Perkembangan teknologi yang begitu cepat dan masif tentunya menimbulkan dampak positif maupun negatif terutamanya dibidang pendidikan. Dampak positif seperti informasi dari berbagai belahan dunia dapat secara cepat diakses dimanapun dan kapanpun. Dampak negatif, dibidang pendidikan misalnya, anak akan lebih menghabiskan waktu bersama dengan gadget ataupun games. Karakter yang muncul seperti serba cepat dan instan justru dapat membawa anak kurang peduli pada diri sendiri ataupun sekitarnya. Pada sebuah kunjungan persahabatan Friendship Force Indonesia di kelas PPG Daljab Angkatan 4 PBI FKIP UST, dua 'ambassador' berasal dari Adelaide, Australia, mengatakan bahwa, "The junior school parents quite often say, I have problems with my little boy, he keeps playing games all the time; can you help me? The teachers say, well, you have to work out the problem not us, we are teaching, you must have look at your structure when raising your child".

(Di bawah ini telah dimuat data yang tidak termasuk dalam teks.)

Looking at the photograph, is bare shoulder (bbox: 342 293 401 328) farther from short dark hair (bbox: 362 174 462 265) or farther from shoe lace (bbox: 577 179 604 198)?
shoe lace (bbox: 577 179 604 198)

Ada beberapa hal yang perlu dicermati pada kutipan tersebut. Pertama, kepedulian anak semakin berkurang karena jauh lebih mementingkan games atau gadget. Perhatian kepada keluarga berkurang. Kedua, kecendrungan orang tua yang berpikir bahwa urusan karakter adalah urusan sekolah karena pengetahuan dan norma dipelajari dan diajarkan di sekolah. Hal tersebut menunjukan bahwa urusan karakter di tengah perkembangan teknologi yang begitu pesat, menjadi permasalahan sekolah, karena mereka belajar ilmu pengetahuan dan norma di sekolah.  

Ki Hadjar Dewantara (KHD), bapak pendidikan nasional Indonesia mengatakan setiap orang adalah guru dan setiap tempat adalah majelis/sekolah. Hal tersebut diartikan bahwa pendidikan atau pembelajaran dapat terjadi dimanapun, kapanpun dan dengan siapapun. Justru KHD mengatakan bahwa keluarga sebagai pusat pendidikan ("Wasita" Tahun ke-1 No. 3 - Mei 1935). KHD dengan jelas mengatakan bahwa keluarga adalah pusat pendidikan, pertama kalinya anak belajar tentunya dikeluarga. Seiring dengan berkembangnya anak, pendidikan kemudian menjadi urusan bersama yakni keluarga, sekolah dan masyarakat. Ki Hadjar mengajarkan kepada kita tentang tripusat pendidikan yang diartikan bahwa pendidikan bukan hanya berlangsung di sekolah, tetapi juga keluarga dan masyarakat. Nilai nilai luhur dapat diajarkan di rumah, sekolah, dan masyarakat simultaneously (secara simultan) sehingga nilai luhur yang telah diajarkan tumbuh subur dan tidak akan dapat hilang bersama keadaan dan waktu.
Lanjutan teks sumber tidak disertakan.